### AIM OF THE EXERCISE
Locate "Used 2022 Jeep" in the data below, then output the line it is on and all following lines through the last, word for word. Skip any pictures.

### GIVEN INFORMATION

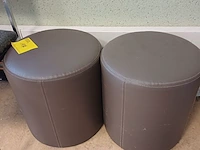 Lot 114 - ronde poef. 2 stuks en stoel en paraplu - afbeelding 2 van  4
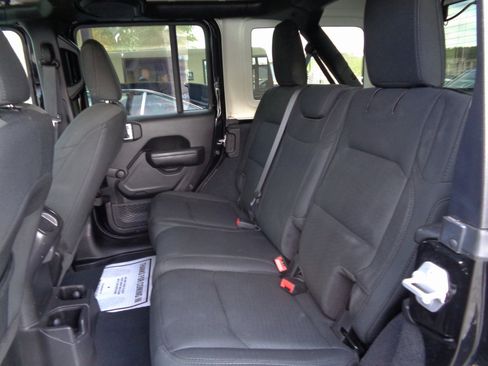 Used 2022 Jeep Wrangler Unlimited Sport image 15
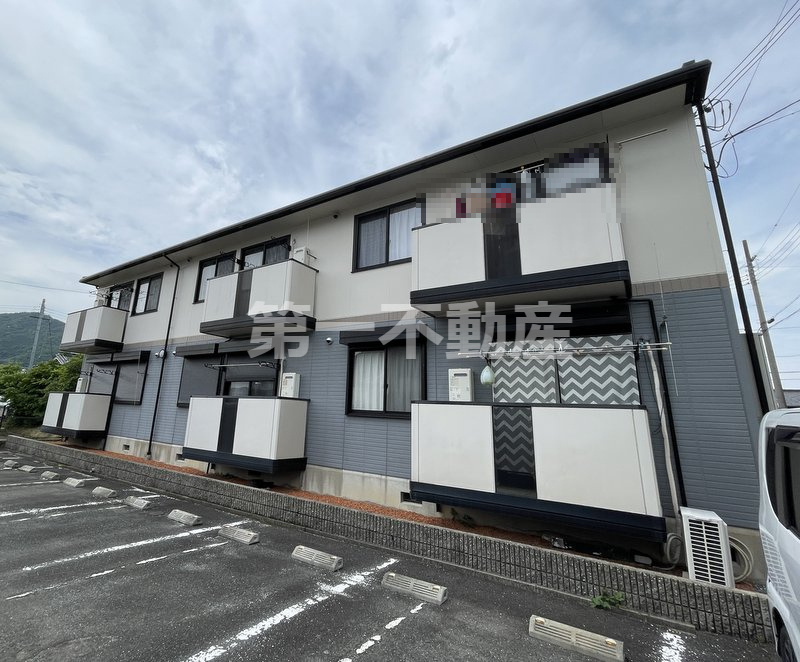 西脇市黒田庄町黒田のアパート【外観】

### REPLY TO THE EXERCISE
 Used 2022 Jeep Wrangler Unlimited Sport image 15
 西脇市黒田庄町黒田のアパート【外観】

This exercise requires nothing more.